Preso desde outubro de setembro de 2019, pela operação Omertà que apura crimes de pistolagem e jogo do bicho, contraiu covid-19 na penitenciária federal em Mossoró (RN) e foi levado para uma unidade de saúde pública da região.
No dia 31 de maio, o sistema penitenciário federal chegou a solicitar com urgência a compra de 14 ampolas do medicamento Ceftriaxona 1g e fraldas geriátricas pela ocorrência de diarreia constantes, além de informação sobre a existência de plano de saúde ativo, segundo informações repassadas pelo defensor Tiago Bunning.
Com várias comorbidades ele foi encaminhado para uma Unidade de Pronto Atendimento (UPA) em estado crítico, com baixa saturação de oxigênio no sangue, precisando fazer uso imediato de oxigênio. Como não havia vaga na rede pública de Mossoró, ele precisou ser internado em um hospital particular e entubado, ficando sob escolta de Agentes Penitenciários Federais.

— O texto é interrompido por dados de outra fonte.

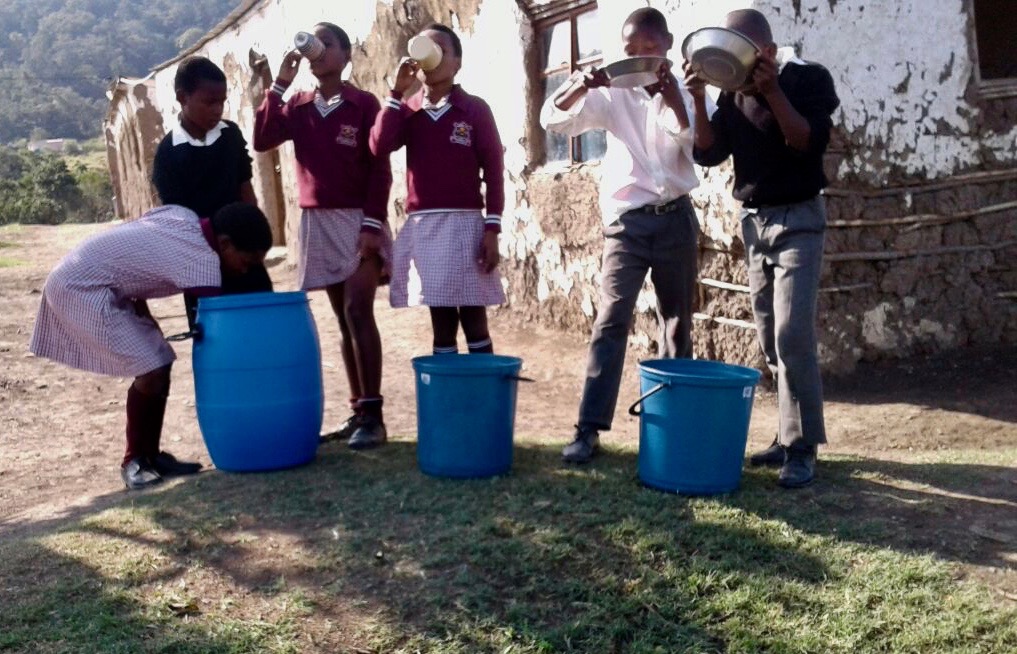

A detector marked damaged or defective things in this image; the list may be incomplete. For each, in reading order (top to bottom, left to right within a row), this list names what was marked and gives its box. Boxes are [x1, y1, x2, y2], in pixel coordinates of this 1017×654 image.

peeling plaster wall [105, 0, 1016, 374]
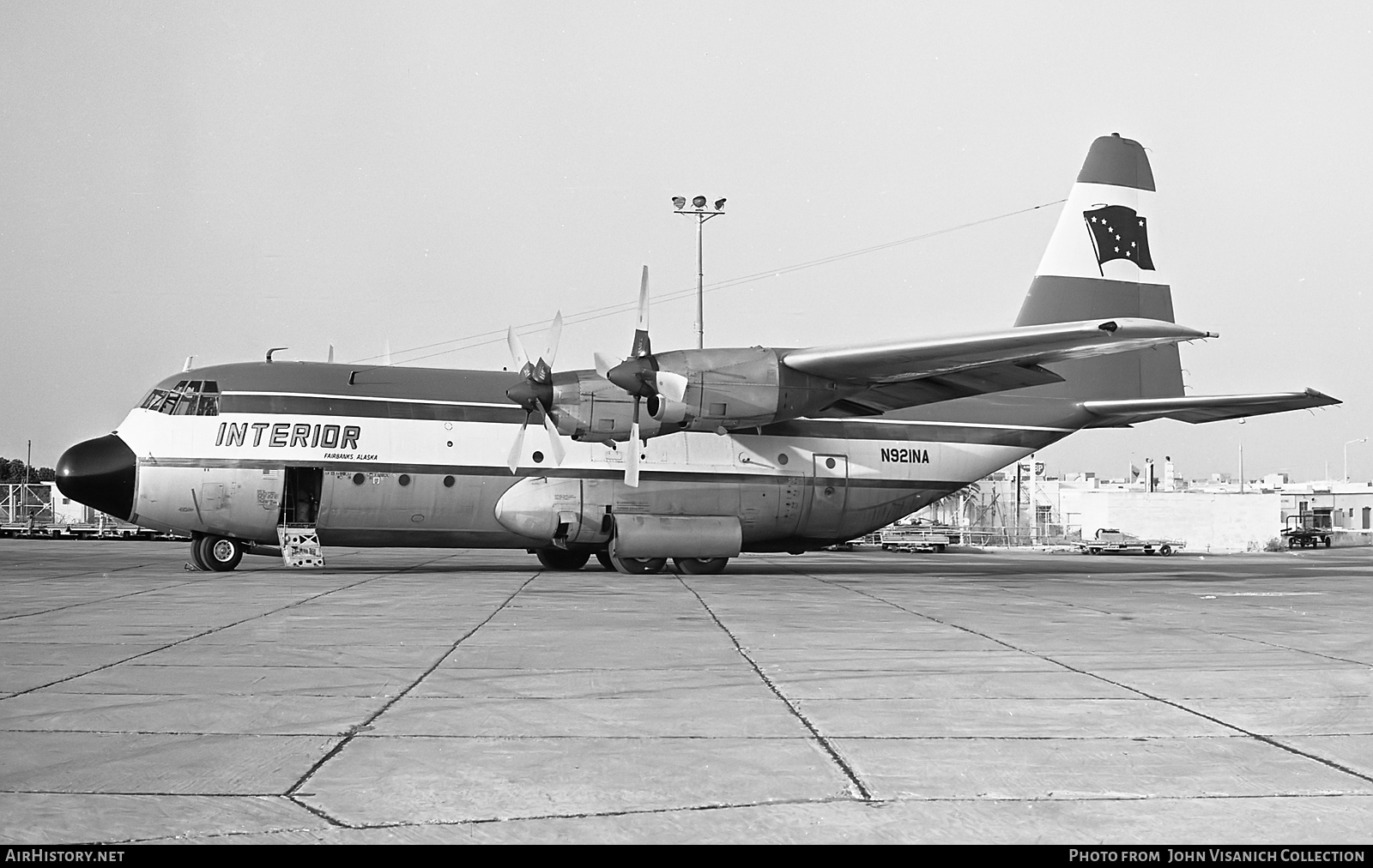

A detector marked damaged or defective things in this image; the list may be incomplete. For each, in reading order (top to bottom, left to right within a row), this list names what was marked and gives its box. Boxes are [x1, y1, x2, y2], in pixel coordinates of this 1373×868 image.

pavement crack [680, 574, 873, 802]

A defesa de Jamil Name protocolou no Superior Tribunal de Justiça um pedido de tutela provisória para concessão de medida liminar autorizando a prisão domiciliar ou internação de Name em um hospital de referência no tratamento da Covid-19. Houve autorização para transferência dele para hospital em Brasília, mas não houve condições de saúde para tal.
O deputado Jamilson Name (sem partido), confirmou e lamentou a morte do pai. “Meu pai faleceu na tarde de hoje, infelizmente”, disse. A família ainda não repassou informações como será procedido o funeral de Name.